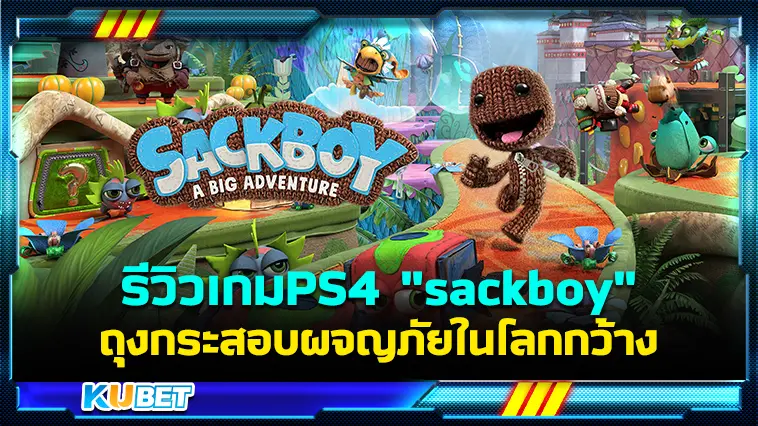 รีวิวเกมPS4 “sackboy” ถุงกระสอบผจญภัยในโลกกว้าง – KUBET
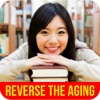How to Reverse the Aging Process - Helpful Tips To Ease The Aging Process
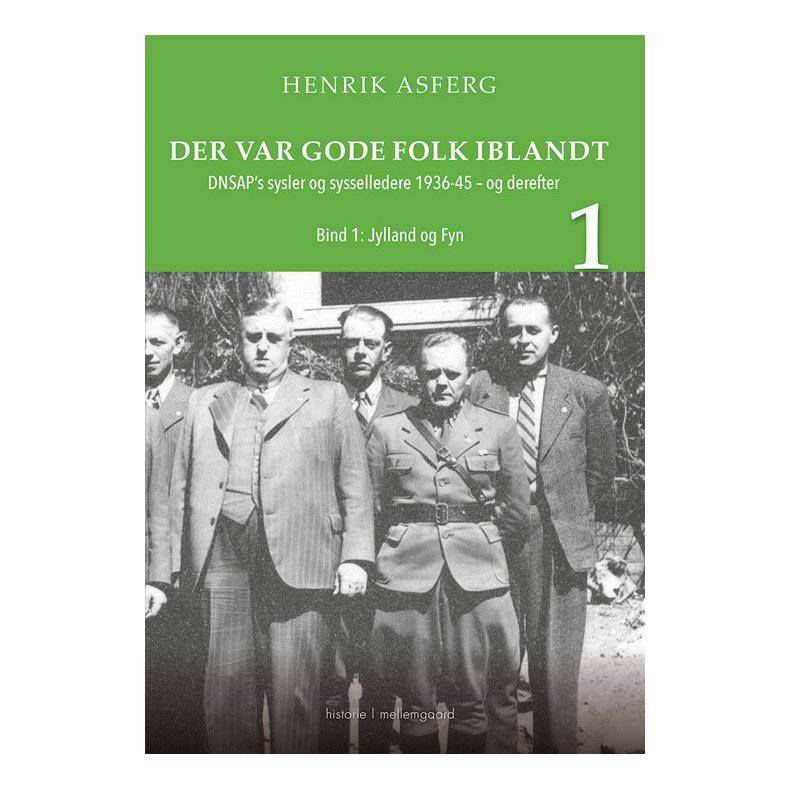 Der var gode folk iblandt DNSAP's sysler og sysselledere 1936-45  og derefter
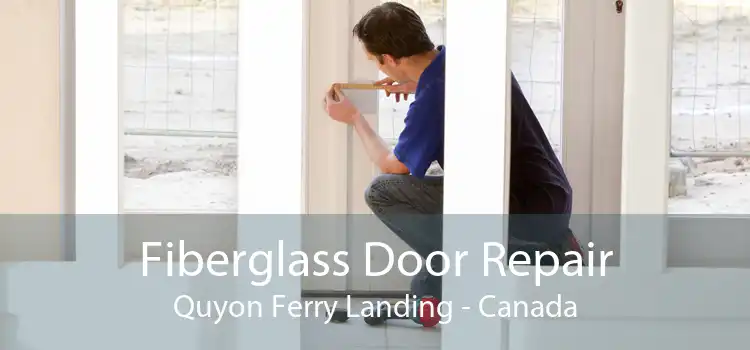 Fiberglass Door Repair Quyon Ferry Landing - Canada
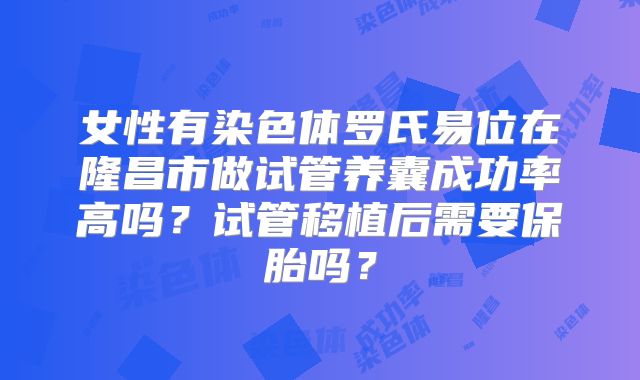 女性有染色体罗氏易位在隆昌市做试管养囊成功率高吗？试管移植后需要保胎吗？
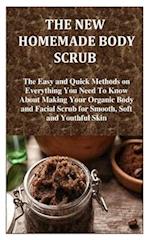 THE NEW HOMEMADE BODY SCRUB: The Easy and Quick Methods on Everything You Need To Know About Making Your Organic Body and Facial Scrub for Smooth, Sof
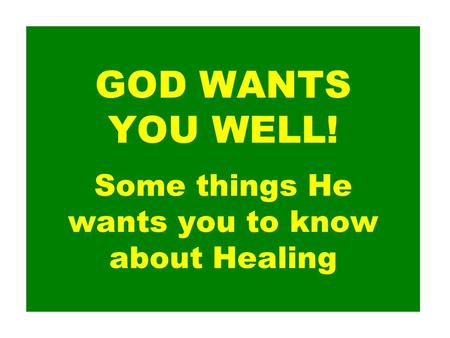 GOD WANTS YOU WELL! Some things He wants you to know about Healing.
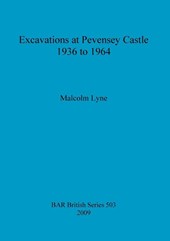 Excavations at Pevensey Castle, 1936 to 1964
---
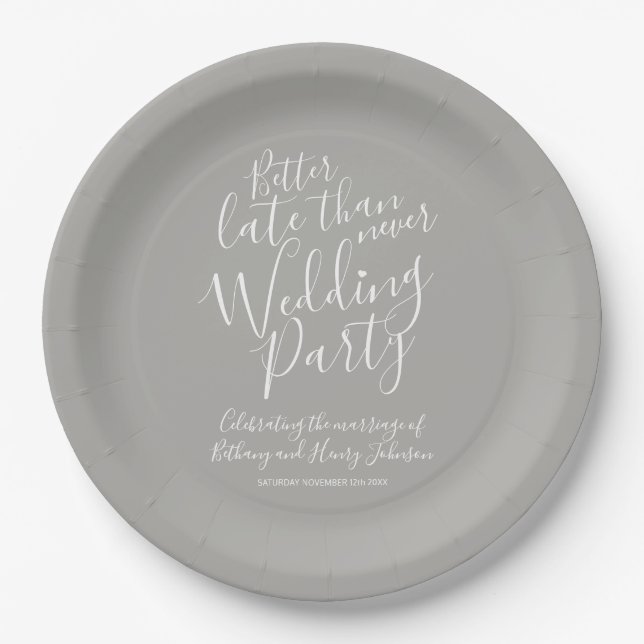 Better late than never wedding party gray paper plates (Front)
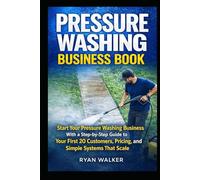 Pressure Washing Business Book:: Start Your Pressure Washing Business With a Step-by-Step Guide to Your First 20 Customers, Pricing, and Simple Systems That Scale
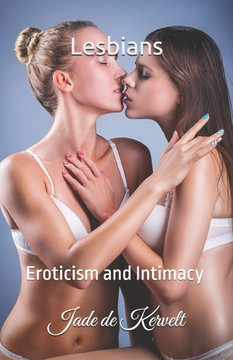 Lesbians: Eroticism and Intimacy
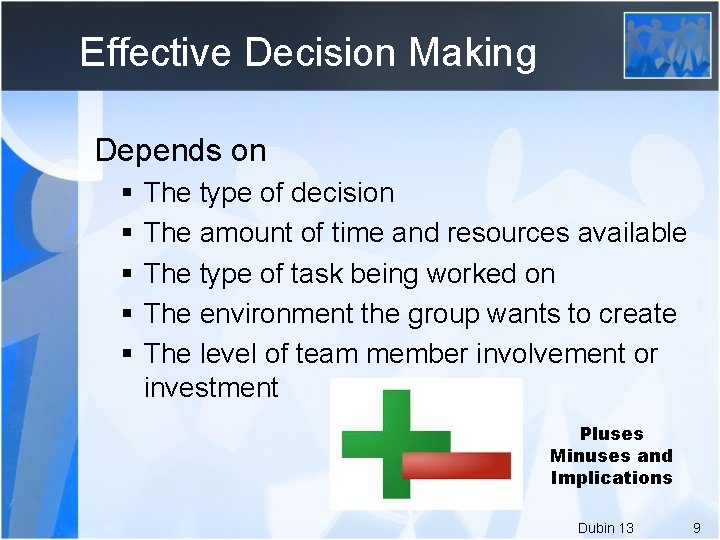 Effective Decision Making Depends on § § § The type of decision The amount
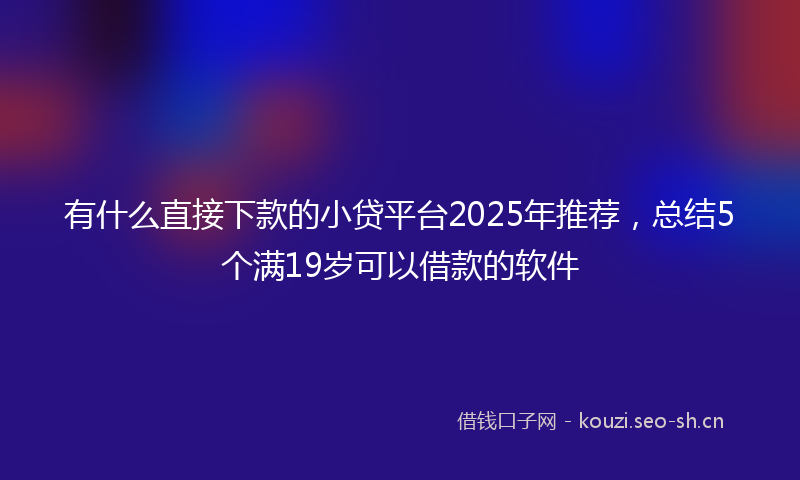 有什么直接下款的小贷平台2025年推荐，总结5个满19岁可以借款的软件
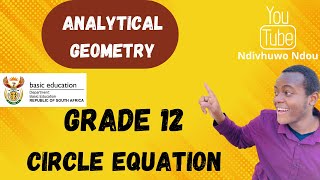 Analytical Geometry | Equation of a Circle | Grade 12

_ABOUT THIS EXERCISE_. Take the material above from the line bearing "Lesbians: Eroticism and Intimacy" through the line bearing "Analytical Geometry |" and write it out exactly, both end lines included. Pictures stay out.

_EXERCISE OUTPUT_.
 Lesbians: Eroticism and Intimacy
 Effective Decision Making Depends on § § § The type of decision The amount
 有什么直接下款的小贷平台2025年推荐，总结5个满19岁可以借款的软件
 Analytical Geometry | Equation of a Circle | Grade 12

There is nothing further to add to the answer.